Want to maximize your potential gains from the current bear market? Consider loading up on growth stocks. These are businesses in sectors that stand to generate strong cash flows, which in turn can lead to sustainable, oversize gains for long-term investors.

Right now, three of the best growth stocks for investors to consider include Microsoft (MSFT -2.98%), PayPal (PYPL -1.16%), and CVS Health (CVS -1.23%). Let's see why.

1. Microsoft

Microsoft may be a huge company, but it is sill an exciting growth stock to own because its business is so broad and full of opportunities. Expanding further into video games and acquiring Activision Blizzard, should the deal go through, will give it a significant runway.

For years, the company's Bing search engine has been the soft spot, usually ranking far behind Alphabet's much more popular Google search. But with Microsoft spending billions on artificial intelligence (AI) and working with ChatGPT, there's potential for Bing to close the gap on Google. And if it does, that could mean more ad revenue and yet another source of attractive growth for the company.

As the ChatGPT hype grows, so could the bullishness behind Microsoft's stock. It trades at 31 times earnings, and that premium could go still higher as investors start to adjust what they're willing to pay.

Between the possible Activision acquisition and a new AI-powered Bing, the company's growth could become more impressive in the years ahead. Even at a $2 trillion valuation, the stock still looks like a solid buy right now.

2. PayPal

Fintech stocks, including PayPal, haven't been performing well of late as investors brace for a slowdown in the economy this year and a possible recession. But with the stock off sharply -- and not far from its 52-week low of about $66 -- it could be a bargain buy

While there are other services that merchants accept for payment online and there is no shortage of competition, it's clear that PayPal is still the default choice:

Chart showing digital wallet acceptance by service.

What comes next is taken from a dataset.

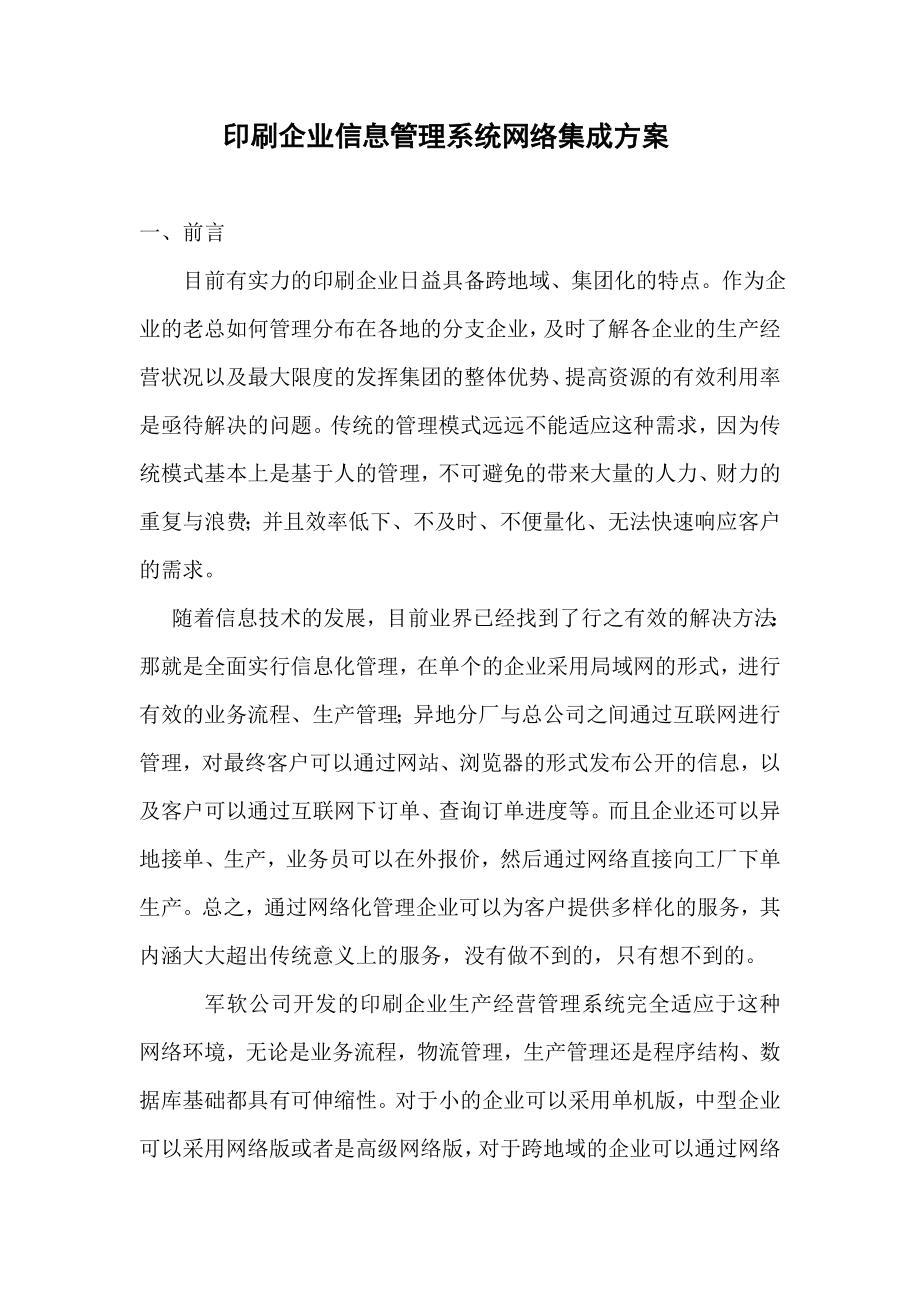 印刷企业信息管理系统网络集成方案.docx_第1页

Image source: PayPal Q4 2022 investor update.

Last year, the company's net revenue totaled $27.5 billion and rose 8% from the previous year. That growth rate could deteriorate if there's a slowdown in consumer spending this year, but it's not a long-term trend that should worry investors.

The popularity of PayPal and strong acceptance of its service is what should encourage investors to buy the stock while its valuation is low. As the economy recovers, so too should the value of this promising growth stock.

3. CVS Health

Another stock that investors should be careful not to overlook right now is CVS Health. It's also trading near its 52-week low of about $72 as investors may be bearish on all the acquisitions it has been pursuing of late. But those are moves that can pay off in the long run.

CVS is already a healthcare giant with a pharmacy benefits business, a health insurance business, and its retail pharmacy business. Its recent acquisitions of home-health company Signify Health and primary care provider Oak Street Health (still pending) could further diversify its operations and make CVS the ultimate healthcare investment by giving investors a broad array of segments under one umbrella. 

The company has already demonstrated strong growth over the years with revenue of $256.8 billion in 2019 rising to $322.5 billion this past year. And with more opportunities in the future, CVS could make for an underrated growth stock to buy right now, especially now that it's down close to 30% from its high.